Your core point – that it’s so easy to assume things are universal when they’re not at all – is considerably more moving than Passage. It occurs to me that if the developers of Every Day the Same Dream had had more time, they could have easily incorporated a “character choice” at the beginning – male/female, straight/gay, nationality, etc. and still put the same game in front of it and it would have been just as disturbing because who you are is rather irrelevant in that game. In Passage, arguably the only actually genuine message is that we all eventually die. Having just played through it with AJ’s lens as a caveat, the rest of it seemed quite as… I don’t want to say offensive, but… you know, two notches down from offensive, as she suggests.
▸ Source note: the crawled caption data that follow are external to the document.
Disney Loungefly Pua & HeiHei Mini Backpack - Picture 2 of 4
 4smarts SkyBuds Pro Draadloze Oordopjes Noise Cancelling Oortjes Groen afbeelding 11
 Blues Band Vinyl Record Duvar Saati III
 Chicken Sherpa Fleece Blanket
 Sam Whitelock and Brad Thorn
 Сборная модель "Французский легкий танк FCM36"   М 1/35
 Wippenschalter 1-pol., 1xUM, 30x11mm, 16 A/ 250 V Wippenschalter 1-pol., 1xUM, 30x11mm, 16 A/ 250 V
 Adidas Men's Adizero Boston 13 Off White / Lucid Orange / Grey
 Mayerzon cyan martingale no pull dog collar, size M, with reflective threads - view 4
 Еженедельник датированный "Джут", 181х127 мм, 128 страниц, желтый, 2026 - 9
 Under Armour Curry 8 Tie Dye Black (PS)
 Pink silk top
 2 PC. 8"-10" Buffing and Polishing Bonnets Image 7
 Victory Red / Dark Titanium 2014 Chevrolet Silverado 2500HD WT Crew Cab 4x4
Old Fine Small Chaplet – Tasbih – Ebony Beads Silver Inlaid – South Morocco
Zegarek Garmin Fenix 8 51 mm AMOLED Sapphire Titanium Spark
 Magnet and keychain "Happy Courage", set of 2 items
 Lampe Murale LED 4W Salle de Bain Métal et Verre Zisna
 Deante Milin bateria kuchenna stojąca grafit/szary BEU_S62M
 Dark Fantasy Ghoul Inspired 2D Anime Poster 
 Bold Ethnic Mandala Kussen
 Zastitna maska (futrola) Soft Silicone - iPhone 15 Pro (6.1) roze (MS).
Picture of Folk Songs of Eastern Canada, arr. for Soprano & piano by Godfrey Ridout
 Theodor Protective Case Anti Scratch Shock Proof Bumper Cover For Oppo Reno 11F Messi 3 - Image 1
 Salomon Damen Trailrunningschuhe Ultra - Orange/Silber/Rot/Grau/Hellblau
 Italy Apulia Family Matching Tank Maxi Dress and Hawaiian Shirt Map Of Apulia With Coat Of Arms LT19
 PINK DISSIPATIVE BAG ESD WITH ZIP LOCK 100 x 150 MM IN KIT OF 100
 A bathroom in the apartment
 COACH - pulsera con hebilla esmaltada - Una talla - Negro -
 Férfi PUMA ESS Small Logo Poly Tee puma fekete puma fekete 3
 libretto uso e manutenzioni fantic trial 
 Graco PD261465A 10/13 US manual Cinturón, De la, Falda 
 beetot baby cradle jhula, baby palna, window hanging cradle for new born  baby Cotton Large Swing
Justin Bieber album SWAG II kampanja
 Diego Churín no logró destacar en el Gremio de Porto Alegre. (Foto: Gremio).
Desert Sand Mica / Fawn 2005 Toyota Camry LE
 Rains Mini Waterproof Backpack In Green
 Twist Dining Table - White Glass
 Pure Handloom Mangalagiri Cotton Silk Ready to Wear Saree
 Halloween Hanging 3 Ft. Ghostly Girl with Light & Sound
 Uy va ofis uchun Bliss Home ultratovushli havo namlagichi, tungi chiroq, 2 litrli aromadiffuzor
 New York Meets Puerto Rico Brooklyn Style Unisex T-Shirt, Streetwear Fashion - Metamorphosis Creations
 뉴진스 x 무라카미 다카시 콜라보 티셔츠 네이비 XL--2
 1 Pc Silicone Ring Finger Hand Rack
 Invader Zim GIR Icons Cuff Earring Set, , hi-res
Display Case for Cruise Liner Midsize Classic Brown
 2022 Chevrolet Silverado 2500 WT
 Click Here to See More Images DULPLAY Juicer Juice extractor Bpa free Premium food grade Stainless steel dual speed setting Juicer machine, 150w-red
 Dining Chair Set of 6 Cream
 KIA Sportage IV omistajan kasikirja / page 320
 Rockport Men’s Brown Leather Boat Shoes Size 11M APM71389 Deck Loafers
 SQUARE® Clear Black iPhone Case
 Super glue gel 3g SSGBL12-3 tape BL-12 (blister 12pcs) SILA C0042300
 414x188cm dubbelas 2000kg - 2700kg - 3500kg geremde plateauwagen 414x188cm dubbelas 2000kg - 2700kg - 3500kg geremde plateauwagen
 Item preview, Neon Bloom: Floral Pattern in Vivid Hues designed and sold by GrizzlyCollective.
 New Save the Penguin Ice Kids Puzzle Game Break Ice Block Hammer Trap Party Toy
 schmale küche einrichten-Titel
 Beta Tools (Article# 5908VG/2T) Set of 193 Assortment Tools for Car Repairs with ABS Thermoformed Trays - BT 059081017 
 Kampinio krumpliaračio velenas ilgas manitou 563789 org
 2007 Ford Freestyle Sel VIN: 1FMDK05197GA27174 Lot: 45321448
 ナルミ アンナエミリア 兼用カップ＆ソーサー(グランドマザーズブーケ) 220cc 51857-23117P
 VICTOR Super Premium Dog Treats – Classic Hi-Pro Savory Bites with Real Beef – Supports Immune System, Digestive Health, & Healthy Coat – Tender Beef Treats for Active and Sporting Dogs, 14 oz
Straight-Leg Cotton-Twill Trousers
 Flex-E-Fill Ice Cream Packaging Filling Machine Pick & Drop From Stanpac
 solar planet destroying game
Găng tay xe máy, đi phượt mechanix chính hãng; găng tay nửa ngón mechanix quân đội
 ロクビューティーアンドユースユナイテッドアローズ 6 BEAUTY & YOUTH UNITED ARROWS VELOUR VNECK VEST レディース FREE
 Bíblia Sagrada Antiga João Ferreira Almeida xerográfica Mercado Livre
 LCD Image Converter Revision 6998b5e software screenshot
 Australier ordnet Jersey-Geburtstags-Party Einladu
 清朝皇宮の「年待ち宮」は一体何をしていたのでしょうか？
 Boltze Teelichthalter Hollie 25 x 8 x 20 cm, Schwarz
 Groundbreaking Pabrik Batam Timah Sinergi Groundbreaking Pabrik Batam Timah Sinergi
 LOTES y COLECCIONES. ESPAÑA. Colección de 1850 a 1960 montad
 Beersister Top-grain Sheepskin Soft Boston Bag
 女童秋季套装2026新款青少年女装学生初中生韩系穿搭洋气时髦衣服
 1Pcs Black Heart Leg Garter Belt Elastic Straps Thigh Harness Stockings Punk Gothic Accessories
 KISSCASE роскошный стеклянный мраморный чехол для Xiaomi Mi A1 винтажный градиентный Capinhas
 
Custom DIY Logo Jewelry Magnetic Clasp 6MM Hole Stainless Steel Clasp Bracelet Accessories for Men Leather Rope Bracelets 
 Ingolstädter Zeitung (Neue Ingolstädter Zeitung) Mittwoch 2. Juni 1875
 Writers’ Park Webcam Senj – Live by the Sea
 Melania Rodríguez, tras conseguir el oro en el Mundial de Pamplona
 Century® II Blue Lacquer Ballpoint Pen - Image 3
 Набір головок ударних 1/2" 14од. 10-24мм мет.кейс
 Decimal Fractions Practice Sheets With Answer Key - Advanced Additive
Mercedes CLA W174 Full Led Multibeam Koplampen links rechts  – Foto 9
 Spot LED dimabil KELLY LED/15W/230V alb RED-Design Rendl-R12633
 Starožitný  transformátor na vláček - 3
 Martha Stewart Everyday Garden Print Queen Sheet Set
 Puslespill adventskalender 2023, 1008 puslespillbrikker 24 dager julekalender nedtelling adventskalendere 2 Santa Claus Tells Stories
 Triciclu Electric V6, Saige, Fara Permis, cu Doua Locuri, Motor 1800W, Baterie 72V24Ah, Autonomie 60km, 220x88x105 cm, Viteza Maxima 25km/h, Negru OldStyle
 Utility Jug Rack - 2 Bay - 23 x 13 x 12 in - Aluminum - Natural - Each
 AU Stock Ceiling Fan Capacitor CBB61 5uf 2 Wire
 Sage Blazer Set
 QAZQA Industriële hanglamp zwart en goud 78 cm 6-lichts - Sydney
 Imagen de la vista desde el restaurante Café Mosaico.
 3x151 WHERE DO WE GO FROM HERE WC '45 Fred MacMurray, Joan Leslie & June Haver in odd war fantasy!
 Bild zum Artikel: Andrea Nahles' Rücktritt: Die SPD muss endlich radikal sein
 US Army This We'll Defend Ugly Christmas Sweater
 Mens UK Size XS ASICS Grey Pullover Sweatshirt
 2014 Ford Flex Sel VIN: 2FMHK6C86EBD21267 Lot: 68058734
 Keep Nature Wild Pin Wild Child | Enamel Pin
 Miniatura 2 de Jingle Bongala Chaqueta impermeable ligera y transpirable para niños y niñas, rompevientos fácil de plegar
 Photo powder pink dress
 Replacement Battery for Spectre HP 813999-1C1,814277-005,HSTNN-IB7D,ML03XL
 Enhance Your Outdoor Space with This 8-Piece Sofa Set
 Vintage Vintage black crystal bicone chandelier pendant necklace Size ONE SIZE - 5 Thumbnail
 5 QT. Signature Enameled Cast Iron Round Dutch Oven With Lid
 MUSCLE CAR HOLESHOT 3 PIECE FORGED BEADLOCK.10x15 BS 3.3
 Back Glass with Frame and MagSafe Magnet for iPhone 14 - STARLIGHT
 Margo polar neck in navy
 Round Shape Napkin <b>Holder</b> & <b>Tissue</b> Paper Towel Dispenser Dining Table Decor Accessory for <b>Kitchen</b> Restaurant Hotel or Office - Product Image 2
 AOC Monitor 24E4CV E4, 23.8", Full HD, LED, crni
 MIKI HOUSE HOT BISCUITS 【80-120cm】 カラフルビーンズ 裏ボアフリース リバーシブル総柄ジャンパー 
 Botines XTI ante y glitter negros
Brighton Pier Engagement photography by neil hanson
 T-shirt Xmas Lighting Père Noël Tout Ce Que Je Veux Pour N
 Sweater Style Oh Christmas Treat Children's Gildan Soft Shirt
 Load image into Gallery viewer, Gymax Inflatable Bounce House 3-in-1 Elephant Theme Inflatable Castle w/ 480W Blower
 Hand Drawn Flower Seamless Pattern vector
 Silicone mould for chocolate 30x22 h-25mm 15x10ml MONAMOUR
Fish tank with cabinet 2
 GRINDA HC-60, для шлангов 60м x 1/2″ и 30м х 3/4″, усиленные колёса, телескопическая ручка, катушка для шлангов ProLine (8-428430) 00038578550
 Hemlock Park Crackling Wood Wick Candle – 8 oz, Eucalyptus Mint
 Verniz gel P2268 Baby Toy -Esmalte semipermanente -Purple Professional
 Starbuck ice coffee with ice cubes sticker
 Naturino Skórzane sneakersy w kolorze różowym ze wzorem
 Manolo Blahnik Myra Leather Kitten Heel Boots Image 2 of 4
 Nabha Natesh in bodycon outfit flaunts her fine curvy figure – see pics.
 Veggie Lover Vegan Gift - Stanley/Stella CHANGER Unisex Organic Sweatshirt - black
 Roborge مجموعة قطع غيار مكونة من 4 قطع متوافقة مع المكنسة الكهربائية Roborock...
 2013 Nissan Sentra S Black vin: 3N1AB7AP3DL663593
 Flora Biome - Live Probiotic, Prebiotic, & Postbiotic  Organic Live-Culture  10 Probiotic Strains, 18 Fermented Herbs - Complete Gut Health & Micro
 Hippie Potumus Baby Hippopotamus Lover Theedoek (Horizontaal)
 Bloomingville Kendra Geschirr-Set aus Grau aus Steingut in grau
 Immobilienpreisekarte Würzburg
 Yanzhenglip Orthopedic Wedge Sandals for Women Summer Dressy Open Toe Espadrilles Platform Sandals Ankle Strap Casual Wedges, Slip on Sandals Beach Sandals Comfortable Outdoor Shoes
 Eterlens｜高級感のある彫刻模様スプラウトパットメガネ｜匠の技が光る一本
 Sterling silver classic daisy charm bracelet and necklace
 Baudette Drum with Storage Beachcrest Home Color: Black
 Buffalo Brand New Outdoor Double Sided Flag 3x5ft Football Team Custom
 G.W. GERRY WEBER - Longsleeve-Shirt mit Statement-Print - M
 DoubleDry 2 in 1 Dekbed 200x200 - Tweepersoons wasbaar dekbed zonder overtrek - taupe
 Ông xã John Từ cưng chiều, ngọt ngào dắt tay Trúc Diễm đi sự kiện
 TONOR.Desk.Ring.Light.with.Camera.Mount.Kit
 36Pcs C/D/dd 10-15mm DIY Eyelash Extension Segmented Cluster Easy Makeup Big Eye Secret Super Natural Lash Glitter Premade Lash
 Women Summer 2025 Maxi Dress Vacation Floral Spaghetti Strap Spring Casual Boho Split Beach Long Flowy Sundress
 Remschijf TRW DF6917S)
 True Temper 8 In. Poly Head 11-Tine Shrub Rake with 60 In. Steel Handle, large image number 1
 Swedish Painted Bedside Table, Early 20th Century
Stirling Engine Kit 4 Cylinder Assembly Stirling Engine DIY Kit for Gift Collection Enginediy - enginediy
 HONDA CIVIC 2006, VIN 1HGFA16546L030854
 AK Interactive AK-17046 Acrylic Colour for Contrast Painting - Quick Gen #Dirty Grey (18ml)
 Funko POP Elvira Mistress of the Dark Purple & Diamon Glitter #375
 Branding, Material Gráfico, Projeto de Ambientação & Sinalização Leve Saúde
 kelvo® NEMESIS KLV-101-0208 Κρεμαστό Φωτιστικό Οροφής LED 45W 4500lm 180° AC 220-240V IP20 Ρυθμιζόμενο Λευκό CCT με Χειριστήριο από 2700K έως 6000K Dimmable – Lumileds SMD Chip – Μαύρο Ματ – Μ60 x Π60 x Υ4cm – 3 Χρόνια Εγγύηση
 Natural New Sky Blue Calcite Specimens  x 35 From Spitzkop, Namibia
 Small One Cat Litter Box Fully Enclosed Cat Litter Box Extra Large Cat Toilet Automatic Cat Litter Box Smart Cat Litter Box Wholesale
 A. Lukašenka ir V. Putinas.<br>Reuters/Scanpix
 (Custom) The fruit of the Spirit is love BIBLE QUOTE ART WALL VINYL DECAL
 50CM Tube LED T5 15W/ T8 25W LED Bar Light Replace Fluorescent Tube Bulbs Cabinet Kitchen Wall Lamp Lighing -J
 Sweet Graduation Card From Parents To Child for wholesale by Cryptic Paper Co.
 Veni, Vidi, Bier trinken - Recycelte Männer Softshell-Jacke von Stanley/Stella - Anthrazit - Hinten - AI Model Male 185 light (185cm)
Nice work, AJ. I kind of wish I’d played the game before, so as to compare the experience of “then” to what I experienced after reading your work. That would have been a fantastic straight-white-male-sees-different-things comparison.
I didn’t find it as affecting as most but it certainly made me look at the format of games differently; they didn’t have to be sprawling experiences, they could be interactive vignettes that communicated simple things very simply.
That’s what I saw in Passage, a creator boiling down his life with his partner to a few simple mechanics and elements — the graphics for both characters are supposed to look like Jason and his wife as well, albeit in highly abstract form. The game space is also highly abstract — it’s a representation of time and your ‘journey’ — so meeting your partner isn’t like walking down to the grocery store and picking up a vegetable, it’s just a manifestation of your little guy meeting the love of his life at some point, which is likely to happen to most people sooner or later.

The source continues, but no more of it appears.